BUYING BERRIES AT CASTLEBERRY, ALABAMA.

This photo shows fifteen berry buyers from as many different commission houses. Over sixty houses have been represented at different times this season at Castleberry.

The very smell of them said “home.” The skies said “home,” the dying pine needles, giving out their aroma beneath the foot, the way a little stiff-tailed woodpecker shifted around a rotting pine stump. It meant home and memories—memories that had slept embalmed.

Life—it has always hurt me. Was it given us for pain, that we might not become as the fatted swine, who, having no hurt neither have any hope of immortality?

To me it has been one great hurting and the times I have been joyous are the times I have acted in self defense.

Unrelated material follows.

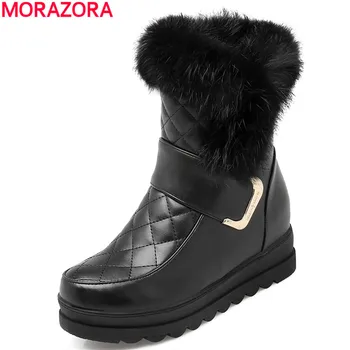MORAZORA Женские зимние сапоги высокое качество PU мягкая кожа увеличение высоты сохраняют тепло зимние ботильоны платформа sweet shoes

I unslung my little kodak and tried to take a razor-back in the edge of the woods. I wanted a good picture of one—this hog of the Cracker South, whose sinewy, lean, sweet bacon is sought for at fabulous prices by the nobility of Europe. I approached him with confidence, thinking he would recognize me as an old friend—nay, even, from my build, as one of his kine. (A horrid pun, but a slippance.) But the razor-back is born in the land of the darky, and the same great Designer who gave lightness to the fingers of the darky gave speed to the heels of the razor-back.

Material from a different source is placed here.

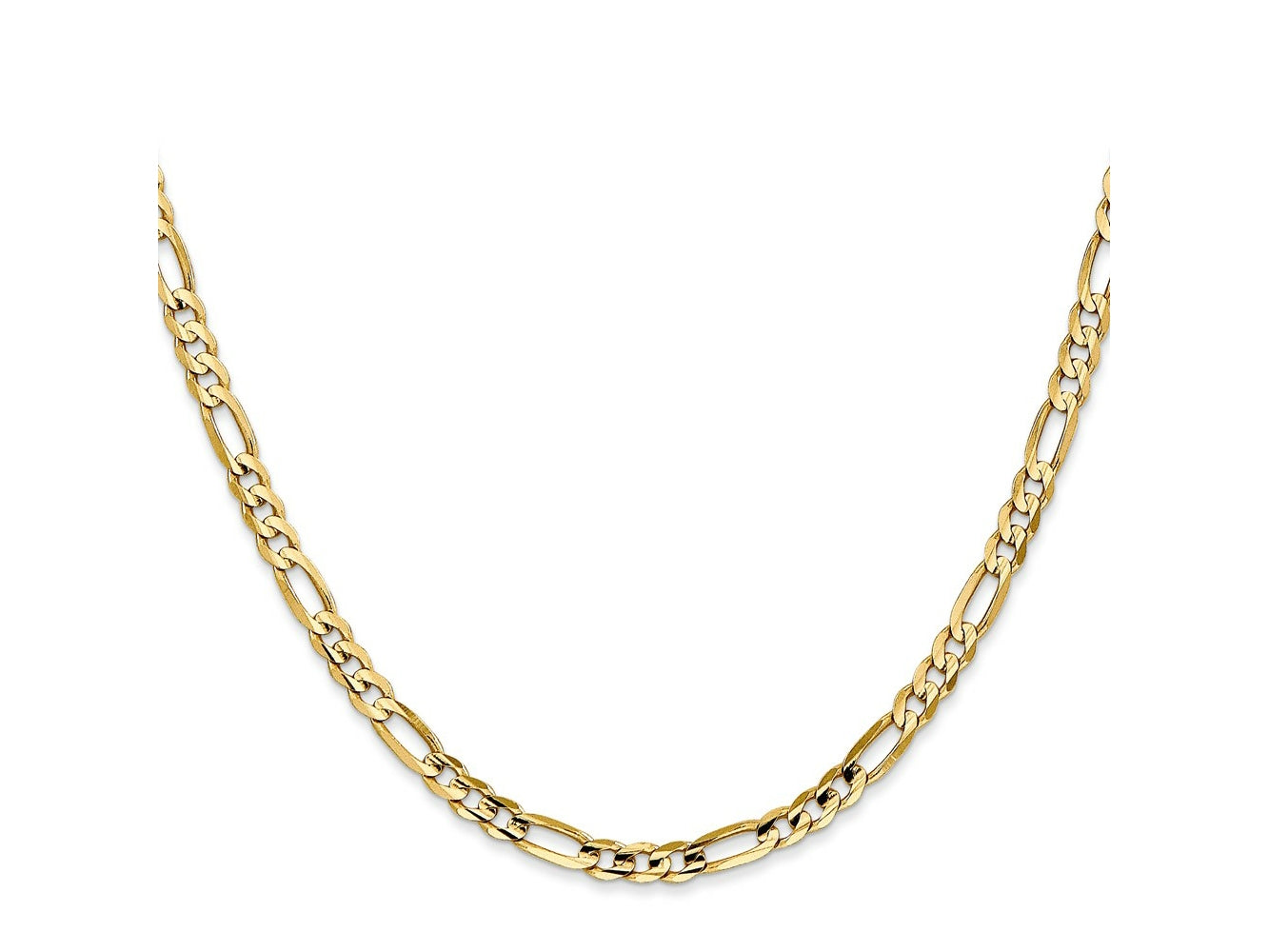 FJC Finejewelers 10 kt Yellow Gold Concave Figaro Chain 22 Inches x 4 mm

And thus has he survived and still lives. I think he did not even stop to look at my face. To this day he thinks I was black.

Around Marble there are 350 acres in strawberries and 100 or more in Alberta peaches, and as I stepped into the clearing I met a native with a good, honest face and carrying a bag of silver in his hands. We soon became acquainted and he told me his name was John Barns and that he was going to the field to pay off his pickers. It being Saturday noon. I found him very straightforward and not inclined to exaggerate. He had bought his farm of 240 acres Christmas, 1901, for $500. His daughter married one W. W. Wright, who took a notion to plant strawberries—just one acre. He set out the plants December, 1905, and though this had been the poorest year in the history of the berry around Marble, the late spring and frosts holding them back fully three weeks, and cutting off the first crop entirely, Mr. Wright had cleared, after paying for his plants, labor, fertilizers and picking, one hundred and twenty-five dollars on that acre.

“Now, 1903 was our best year,” said Mr. Barns, and he pulled out a little notebook he had. “Now, that year I planted my first berries, one and one-quarter acres, and they netted me $521.27, to be exact.”